Meestal komt het eerst in handen van zagerij-eigenaar of houthandelaar. Dit kan op tweeërlei wijze geschieden:

1. Op stam, zodat de koper zorgt voor het vellen en de opwerking. Voor grote complexen geschiedt dit slechts in weinig ontwikkelde streken b.v. het djatihout in het voormalige Ned. Indië in de periode van ca 1865-ca 1900.

Men onderscheidde

a. pachtschatpercelen en
b. retributiepcrcelen.

Bij a. werd de houthoeveelheid geschat en tegen de pachtschat afgestaan. De schatting was moeilijk en er was onvoldoende controle op diefstal uit aangrenzende percelen.

Bij b. werd de koopsom bepaald aan de hand van de verkregen houtwerken. Dit gaf aanleiding tot verspilling, omdat de koper alleen velde en opwerkte, wat hij het beste kon verkopen.

In gemengde trop. loofhoutbossen, waaruit alleen de waardevolle houtsoorten worden geëxploiteerd en een juiste taxatie vooraf dus vrijwel ondoenlijk is. worden gewoonlijk z.g. bosconcessies uitgegeven. Hierbij betaalt de concessionaris in de regel een zeker bedrag (pachtsom of royalty) per jaar en per ha en daarnaast een retributie per m3 gekapt hout. In Sur. wordt deze retributie geheven per blok istam of gedeelte daarvan), ongeacht de inhoud. In Ned. komt eveneens verkoop op stam voor, doch hier betreft het meestal kleine percelen opgaand hout of afzonderlijke bomen, in ieder geval geen grote complexen.

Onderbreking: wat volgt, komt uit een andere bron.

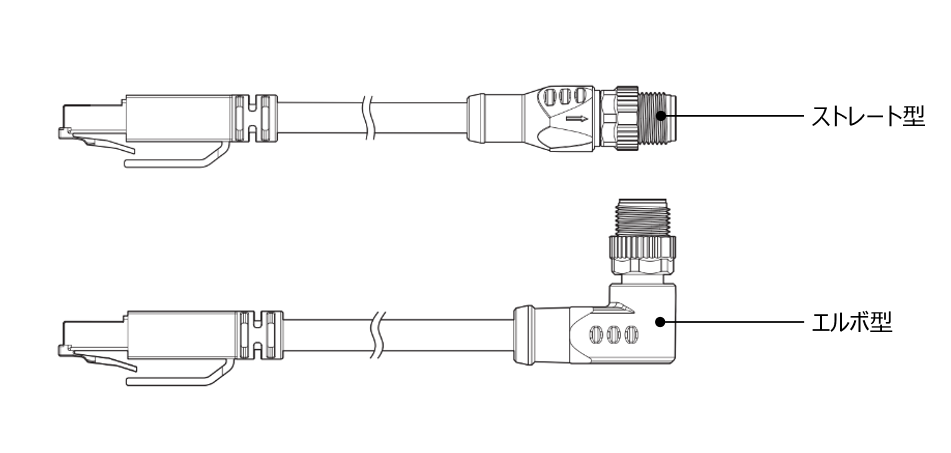 camera eth cable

2. Na veiling door de boseigenaar, die ook top en takken verwijdert en soms de stammen sorteert. Meestal verzorgt hij ook het transport naar weg of stapelplaats.

Verkoop van hout en bosproducten kan in de praktijk op verschillende wijzen geschieden:

1. Verstrekking tegen de daarvoor vastgestelde limietprijzen, welke vervreemdingswijze meestal beperkt blijft tot de levering van bepaalde houtsortimenten door het Staatsbosbeheer aan openbare diensten dwarsliggers aan de Spoorwegen, telefoon- en telegraafpalen e.d.).
2. Verkoop bij geheime inschrijving van bospercelen op stam of grotere partijen geveld hout, waarbij vaak een beperkte groep van belangstellenden z.g. erkende bosexploitanten en groothandelaren: in de gelegenheid wordt gesteld daarop schriftelijk een bod uit te brengen. liet hout wordt dan aan de hoogste inschrijver gegund.
3. Publieke verkoop bij opbod, de meest gebruikelijke verkoopswijze om de vrije prijsvorming te bevorderen, waarbij de houtkavels door de vendumeester tegen de limietprijs worden ingezet en een ieder in de gelegenheid is daarvoor een hogere prijs te bieden. Door de samenstelling en de grootte der kavels heeft men m.o.m. in de hand, wie daarop mee kan bieden. Om de h. tegen de consument te beschermen, kunnen betrekkelijk grote, zuivere kavels worden gevormd. Hierbij ontstaat echter ook gevaar voor ringvorming bij de houthandel.
4. Onderhandse verkoop tegen onderling overeen te komen prijzen, welke vervreemdingswijze wel wordt toegepast om bepaalde houtverbruikers te begunstigen (b.v. de onderhandse verkoop van hout voor eigen gebruik aan de om het: bosgebied wonende bevolking met de bedoeling houtdiefstal tegen te gaan), of om bepaalde vaste afnemers van moeilijk afzetbare sortimenten aan zich te binden en ten slotte om ringvorming van houthandelaren op publieke veilingen te doorbreken.
I.h.a. dient de publieke verkoop bij opbod bij de houtvervreemding de regel te vormen. Bij de verkoop dienen voorts de voorwaarden van betaling van de koopsom en de termijn voor de afvoer van het gekochte hout nauwkeurig te worden geregeld. De houthandel in engere zin omvat transacties tussen de houthandelaar enerzijds en de oorspronkelijke verkoper en de consument anderzijds. Daar Ned. het overgrote deel van zijn houtbehoefte moet dekken door import, is hier de handel in ingevoerd hout het meest omvattend.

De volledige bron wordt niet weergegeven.